[Opening SOURCE RECORDS section]

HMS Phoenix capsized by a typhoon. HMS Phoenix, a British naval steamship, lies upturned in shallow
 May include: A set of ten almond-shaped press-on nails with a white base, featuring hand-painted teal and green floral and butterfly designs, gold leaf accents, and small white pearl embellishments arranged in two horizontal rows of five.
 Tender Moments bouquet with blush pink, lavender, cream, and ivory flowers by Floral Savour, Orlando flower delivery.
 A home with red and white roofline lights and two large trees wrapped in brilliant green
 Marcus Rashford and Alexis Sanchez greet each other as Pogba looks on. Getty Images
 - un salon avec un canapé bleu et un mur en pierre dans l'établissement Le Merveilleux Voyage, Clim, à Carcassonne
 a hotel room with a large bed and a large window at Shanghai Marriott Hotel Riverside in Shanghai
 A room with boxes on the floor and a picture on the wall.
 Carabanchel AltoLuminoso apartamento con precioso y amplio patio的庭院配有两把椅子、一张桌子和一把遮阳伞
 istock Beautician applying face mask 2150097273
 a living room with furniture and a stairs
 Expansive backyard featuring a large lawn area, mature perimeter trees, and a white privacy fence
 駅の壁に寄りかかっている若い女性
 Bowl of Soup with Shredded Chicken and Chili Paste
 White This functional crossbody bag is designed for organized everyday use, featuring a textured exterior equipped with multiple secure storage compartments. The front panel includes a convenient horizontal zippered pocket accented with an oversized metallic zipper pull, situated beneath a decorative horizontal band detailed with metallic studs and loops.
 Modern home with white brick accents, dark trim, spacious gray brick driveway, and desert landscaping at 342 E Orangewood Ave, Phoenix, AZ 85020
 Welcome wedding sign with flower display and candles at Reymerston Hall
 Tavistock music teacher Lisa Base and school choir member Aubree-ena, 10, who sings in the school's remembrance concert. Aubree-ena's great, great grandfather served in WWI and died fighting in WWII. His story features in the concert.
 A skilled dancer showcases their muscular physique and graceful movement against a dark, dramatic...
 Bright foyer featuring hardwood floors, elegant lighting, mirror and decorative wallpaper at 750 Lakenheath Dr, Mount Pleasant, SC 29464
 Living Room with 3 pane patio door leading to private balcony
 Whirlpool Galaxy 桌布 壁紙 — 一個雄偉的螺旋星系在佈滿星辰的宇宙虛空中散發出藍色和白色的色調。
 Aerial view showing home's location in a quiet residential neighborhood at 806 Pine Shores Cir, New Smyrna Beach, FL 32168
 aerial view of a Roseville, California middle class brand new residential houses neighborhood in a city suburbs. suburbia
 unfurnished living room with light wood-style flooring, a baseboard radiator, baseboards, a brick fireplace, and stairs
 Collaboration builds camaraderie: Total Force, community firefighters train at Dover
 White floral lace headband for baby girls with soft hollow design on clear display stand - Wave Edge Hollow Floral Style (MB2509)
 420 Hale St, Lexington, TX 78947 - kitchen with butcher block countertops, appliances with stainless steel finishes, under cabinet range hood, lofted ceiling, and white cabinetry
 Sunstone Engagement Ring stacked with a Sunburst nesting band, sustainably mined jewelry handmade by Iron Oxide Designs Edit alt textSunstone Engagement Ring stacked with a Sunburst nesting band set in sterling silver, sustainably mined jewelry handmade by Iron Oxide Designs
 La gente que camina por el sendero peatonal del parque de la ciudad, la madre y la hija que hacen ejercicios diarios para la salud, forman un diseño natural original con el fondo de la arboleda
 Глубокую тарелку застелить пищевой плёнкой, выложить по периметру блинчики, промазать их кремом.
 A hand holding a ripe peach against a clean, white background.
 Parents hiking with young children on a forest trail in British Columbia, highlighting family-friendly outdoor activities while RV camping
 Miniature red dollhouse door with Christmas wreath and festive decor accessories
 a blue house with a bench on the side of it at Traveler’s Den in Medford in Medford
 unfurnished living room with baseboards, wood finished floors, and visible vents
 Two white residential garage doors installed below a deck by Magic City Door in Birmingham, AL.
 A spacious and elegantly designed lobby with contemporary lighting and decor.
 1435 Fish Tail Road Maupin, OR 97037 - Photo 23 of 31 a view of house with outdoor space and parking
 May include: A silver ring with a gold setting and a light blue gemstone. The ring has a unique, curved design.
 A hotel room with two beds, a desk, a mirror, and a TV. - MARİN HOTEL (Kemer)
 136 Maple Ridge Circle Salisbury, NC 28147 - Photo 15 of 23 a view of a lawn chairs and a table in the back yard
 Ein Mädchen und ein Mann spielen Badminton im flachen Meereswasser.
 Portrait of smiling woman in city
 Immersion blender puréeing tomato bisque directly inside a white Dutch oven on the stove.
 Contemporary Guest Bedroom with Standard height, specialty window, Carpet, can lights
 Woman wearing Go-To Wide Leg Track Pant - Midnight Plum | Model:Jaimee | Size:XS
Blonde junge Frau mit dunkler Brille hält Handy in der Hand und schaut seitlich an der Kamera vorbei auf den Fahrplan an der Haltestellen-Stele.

[Closing SOURCE RECORDS section]

ACTIVITY: Each line from the first line of the listing through the line with "May include: A set" must be output exactly, both ends included, and no other line may appear.

TASK OUTPUT:
HMS Phoenix capsized by a typhoon. HMS Phoenix, a British naval steamship, lies upturned in shallow
 May include: A set of ten almond-shaped press-on nails with a white base, featuring hand-painted teal and green floral and butterfly designs, gold leaf accents, and small white pearl embellishments arranged in two horizontal rows of five.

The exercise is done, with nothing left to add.